■ TO DO
Pictures excluded, copy all of the data below exactly.

-- SUPPLIED DATA follows --

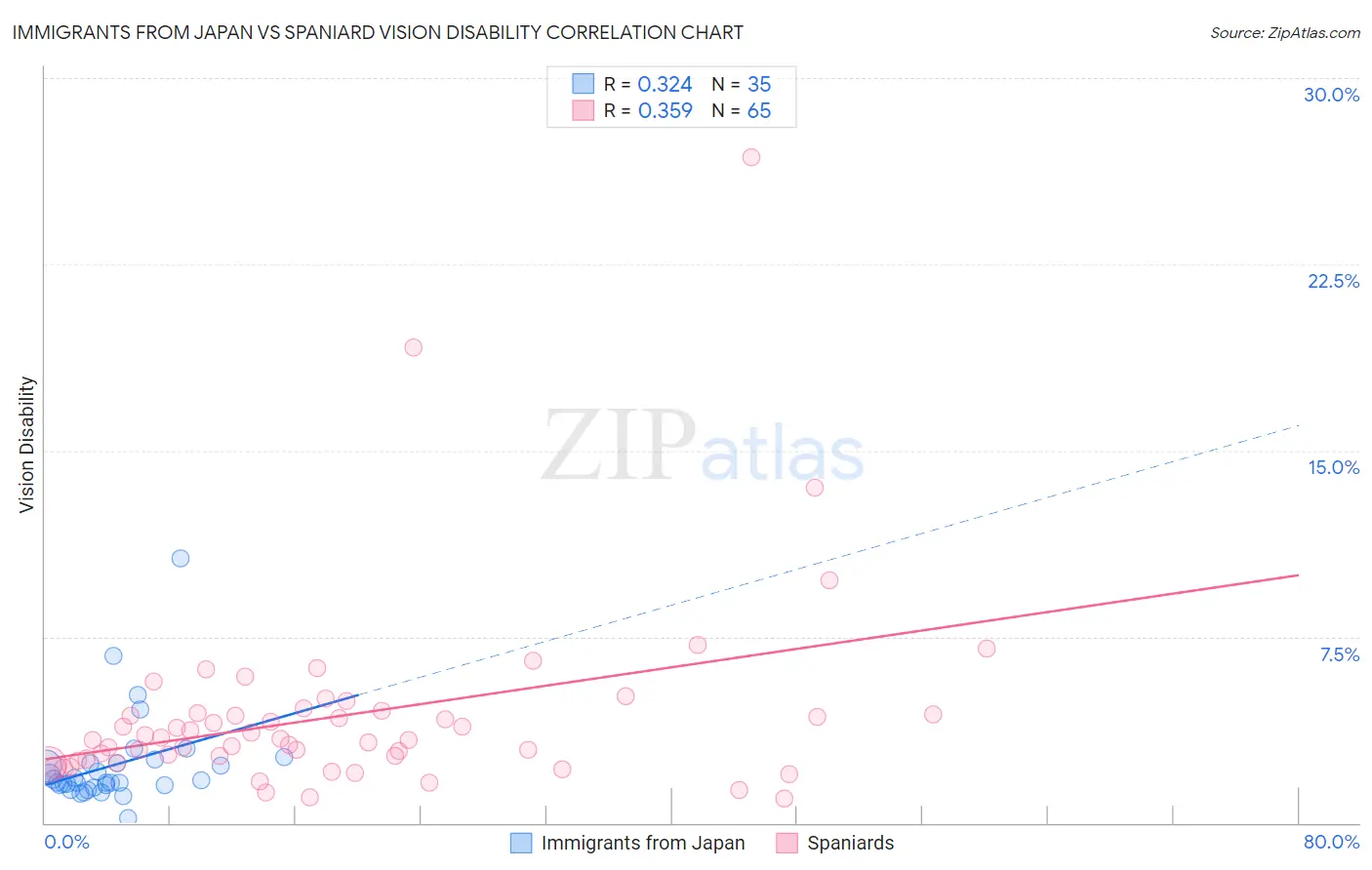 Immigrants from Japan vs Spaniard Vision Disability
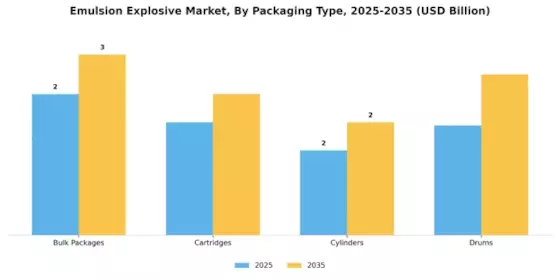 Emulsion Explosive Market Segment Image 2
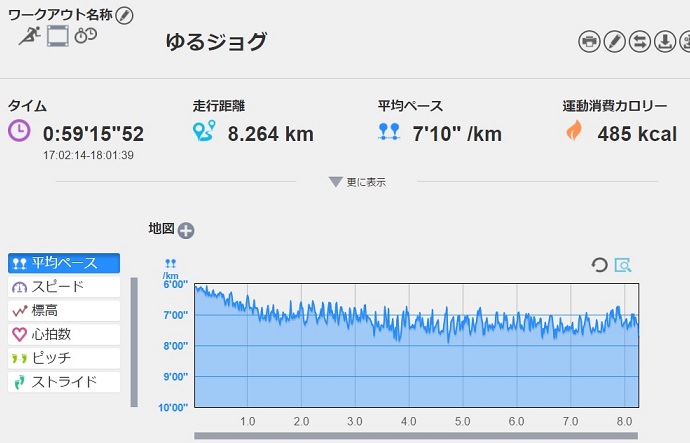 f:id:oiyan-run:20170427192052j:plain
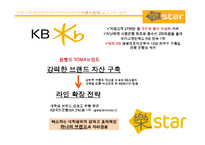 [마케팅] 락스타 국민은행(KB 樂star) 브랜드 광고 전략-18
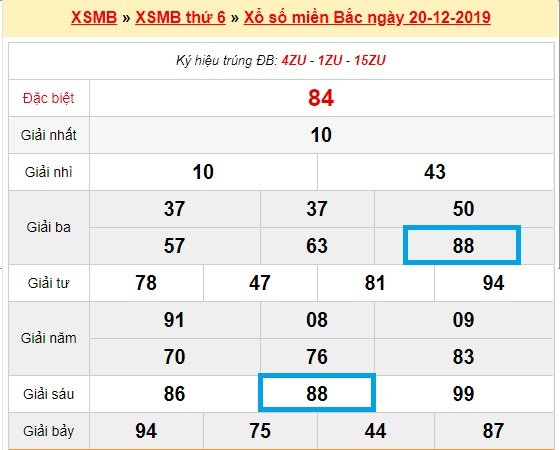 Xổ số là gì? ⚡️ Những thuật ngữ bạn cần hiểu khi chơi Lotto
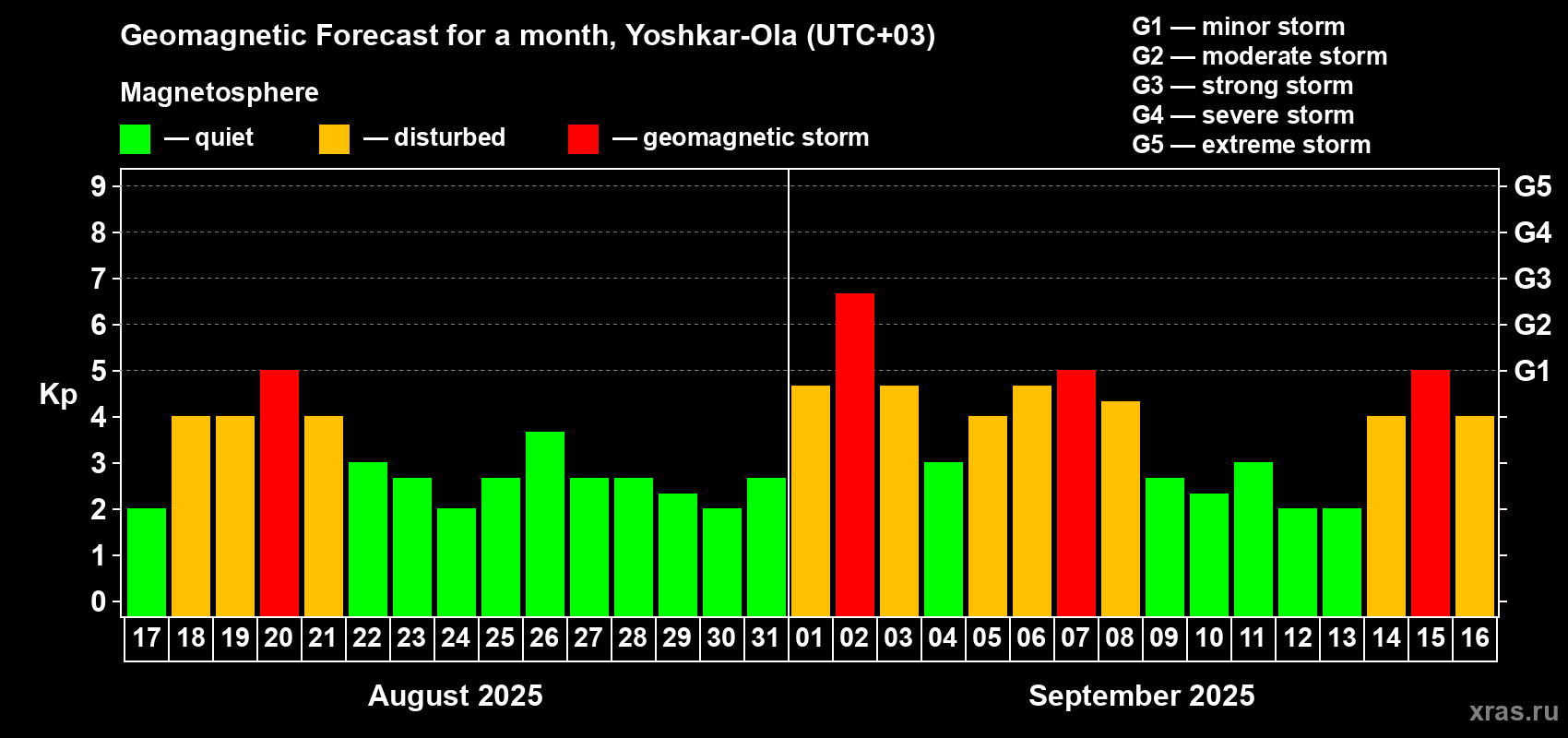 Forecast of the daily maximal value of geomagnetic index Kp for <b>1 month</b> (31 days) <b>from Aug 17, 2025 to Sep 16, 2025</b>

-- SUPPLIED DATA concluded --

■ RESPONSE
 Immigrants from Japan vs Spaniard Vision Disability
 Emulsion Explosive Market Segment Image 2
 f:id:oiyan-run:20170427192052j:plain
 [마케팅] 락스타 국민은행(KB 樂star) 브랜드 광고 전략-18
 Xổ số là gì? ⚡️ Những thuật ngữ bạn cần hiểu khi chơi Lotto
 Forecast of the daily maximal value of geomagnetic index Kp for <b>1 month</b> (31 days) <b>from Aug 17, 2025 to Sep 16, 2025</b>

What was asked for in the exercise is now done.